[Provided material — start]

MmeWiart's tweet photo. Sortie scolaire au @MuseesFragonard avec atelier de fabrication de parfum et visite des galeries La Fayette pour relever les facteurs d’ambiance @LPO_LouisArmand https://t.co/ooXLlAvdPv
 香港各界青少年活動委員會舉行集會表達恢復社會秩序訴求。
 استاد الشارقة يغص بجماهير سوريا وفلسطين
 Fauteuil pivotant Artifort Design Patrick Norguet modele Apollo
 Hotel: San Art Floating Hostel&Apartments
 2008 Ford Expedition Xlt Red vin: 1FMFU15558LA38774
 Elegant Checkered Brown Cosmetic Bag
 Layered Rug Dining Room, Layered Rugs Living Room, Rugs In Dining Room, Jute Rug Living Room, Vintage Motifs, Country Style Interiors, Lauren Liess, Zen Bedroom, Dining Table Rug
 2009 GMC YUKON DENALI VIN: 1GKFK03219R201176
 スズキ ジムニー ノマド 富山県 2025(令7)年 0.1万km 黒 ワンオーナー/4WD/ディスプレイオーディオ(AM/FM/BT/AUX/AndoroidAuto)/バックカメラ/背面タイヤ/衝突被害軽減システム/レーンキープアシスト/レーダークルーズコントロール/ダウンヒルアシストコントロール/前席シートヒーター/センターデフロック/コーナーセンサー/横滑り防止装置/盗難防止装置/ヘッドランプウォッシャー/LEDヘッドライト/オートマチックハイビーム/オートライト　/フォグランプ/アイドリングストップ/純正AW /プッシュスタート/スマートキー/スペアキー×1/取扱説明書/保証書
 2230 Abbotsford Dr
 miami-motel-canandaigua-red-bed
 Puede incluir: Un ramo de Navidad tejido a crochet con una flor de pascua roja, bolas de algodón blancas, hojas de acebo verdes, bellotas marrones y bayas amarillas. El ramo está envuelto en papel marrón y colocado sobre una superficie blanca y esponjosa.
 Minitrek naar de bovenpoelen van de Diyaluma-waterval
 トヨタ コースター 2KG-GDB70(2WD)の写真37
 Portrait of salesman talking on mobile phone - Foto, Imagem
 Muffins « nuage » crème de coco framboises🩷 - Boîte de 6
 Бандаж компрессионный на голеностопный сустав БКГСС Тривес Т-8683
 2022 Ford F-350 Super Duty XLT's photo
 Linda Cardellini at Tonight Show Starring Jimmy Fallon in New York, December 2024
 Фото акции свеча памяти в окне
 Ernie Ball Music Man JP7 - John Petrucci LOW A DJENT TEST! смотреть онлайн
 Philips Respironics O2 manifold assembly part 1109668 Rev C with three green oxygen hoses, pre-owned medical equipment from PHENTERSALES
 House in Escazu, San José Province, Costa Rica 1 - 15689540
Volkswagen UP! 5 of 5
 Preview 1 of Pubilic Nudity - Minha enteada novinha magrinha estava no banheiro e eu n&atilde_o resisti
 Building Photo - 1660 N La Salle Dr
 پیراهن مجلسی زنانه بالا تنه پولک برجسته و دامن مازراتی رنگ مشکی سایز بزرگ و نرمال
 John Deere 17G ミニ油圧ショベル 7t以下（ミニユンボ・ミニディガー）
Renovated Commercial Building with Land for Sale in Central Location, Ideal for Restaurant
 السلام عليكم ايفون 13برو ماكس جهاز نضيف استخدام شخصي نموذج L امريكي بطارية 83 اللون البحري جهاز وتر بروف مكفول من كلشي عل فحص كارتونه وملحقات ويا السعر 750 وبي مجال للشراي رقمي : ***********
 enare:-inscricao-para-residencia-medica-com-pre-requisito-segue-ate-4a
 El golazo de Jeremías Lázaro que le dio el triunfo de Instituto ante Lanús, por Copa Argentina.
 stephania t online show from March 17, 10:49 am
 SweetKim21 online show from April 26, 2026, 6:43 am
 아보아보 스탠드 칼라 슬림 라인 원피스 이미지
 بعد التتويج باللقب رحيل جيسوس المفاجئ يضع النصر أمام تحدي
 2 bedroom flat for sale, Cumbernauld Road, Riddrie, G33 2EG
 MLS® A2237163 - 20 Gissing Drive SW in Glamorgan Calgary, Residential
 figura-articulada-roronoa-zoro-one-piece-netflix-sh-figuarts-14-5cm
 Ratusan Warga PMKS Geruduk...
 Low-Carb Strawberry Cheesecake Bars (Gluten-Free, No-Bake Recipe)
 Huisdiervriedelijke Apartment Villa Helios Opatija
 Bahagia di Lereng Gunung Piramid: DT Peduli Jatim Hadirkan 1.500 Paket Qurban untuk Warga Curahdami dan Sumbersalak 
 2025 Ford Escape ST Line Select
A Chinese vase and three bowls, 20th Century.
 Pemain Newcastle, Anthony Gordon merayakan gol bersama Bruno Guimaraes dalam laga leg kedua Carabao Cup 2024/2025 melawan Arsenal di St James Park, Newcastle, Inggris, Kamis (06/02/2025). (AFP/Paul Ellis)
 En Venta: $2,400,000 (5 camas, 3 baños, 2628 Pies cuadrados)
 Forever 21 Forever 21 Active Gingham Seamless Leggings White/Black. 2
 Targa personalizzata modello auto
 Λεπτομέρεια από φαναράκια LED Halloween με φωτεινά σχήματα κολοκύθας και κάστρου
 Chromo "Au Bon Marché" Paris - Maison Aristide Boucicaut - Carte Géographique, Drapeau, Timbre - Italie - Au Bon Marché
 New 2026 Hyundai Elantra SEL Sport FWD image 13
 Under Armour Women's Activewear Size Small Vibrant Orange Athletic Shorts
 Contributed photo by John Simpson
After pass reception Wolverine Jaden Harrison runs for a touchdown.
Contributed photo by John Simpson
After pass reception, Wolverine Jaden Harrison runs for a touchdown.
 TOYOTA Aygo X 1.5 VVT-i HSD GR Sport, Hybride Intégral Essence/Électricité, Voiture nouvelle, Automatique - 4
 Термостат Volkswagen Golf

[Provided material — finish]

* [Work request]: All lines of the records above that contain the word "touchdown" are to be copied out.

* [Result of the task]:
After pass reception Wolverine Jaden Harrison runs for a touchdown.
After pass reception, Wolverine Jaden Harrison runs for a touchdown.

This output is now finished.